Hacker News new | ask | show | jobs
by masklinn 1199 days ago
> is very fast in a linear design like Abseil's Swiss Tables.

It's not that fast, because branching is completely unpredictable when iterating the sparse array (though a very high load factor helps). That's why a few modern hash tables trade an additional indirection on lookup by storing entries in a dense array and making the sparse array an array of indices into that.

It makes iterating the map as efficient as iterating an array (or zipping two depending on data layout), it also saves some memory (especially if the indices array is adaptive), and has the neat side-effect of making the map conserve insertion order (though deletion is a bit of a concern, tradeoffs may have to be made with the other advantages).

1 comments

Good point about the branch cost.

For a general purpose hash map, I think promising to preserve order despite deletion (like Python's current dict) is a mistake in performance terms†. Python could afford a penalty here because their previous dict was so ludicrously bad that you won't notice.

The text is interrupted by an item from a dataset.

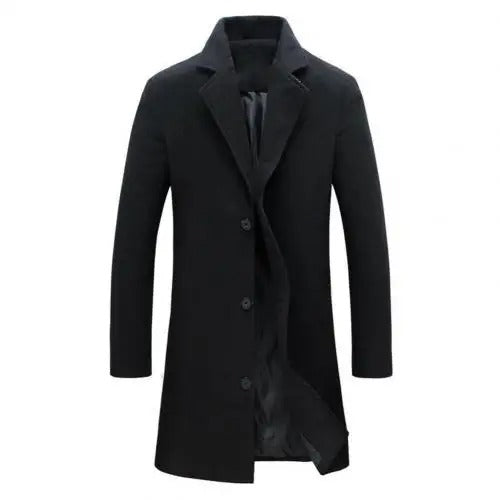 Warm lined men's jacket for winter. Classic button closure, regular fit. Essential outerwear for cold days.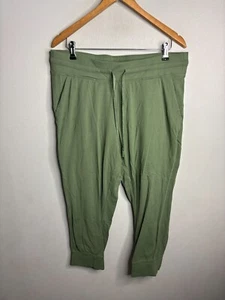 Lululemon Draw String High-Rise Joggers Crop Pants Size 14 Green 6406 - Picture 1 of 8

We can't know if the user of a general purpose hash map does 0% deletes or 50% deletes nor whether the ordering is valuable to them at all anyway.

† If we don't promise to preserve order then delete just swaps the removed item from the dense array with the last item, then removes the last item, very efficient, if we insist on preserving order we're either using tombstones which mean branches or we're shuffling half the bloody array for each deletion.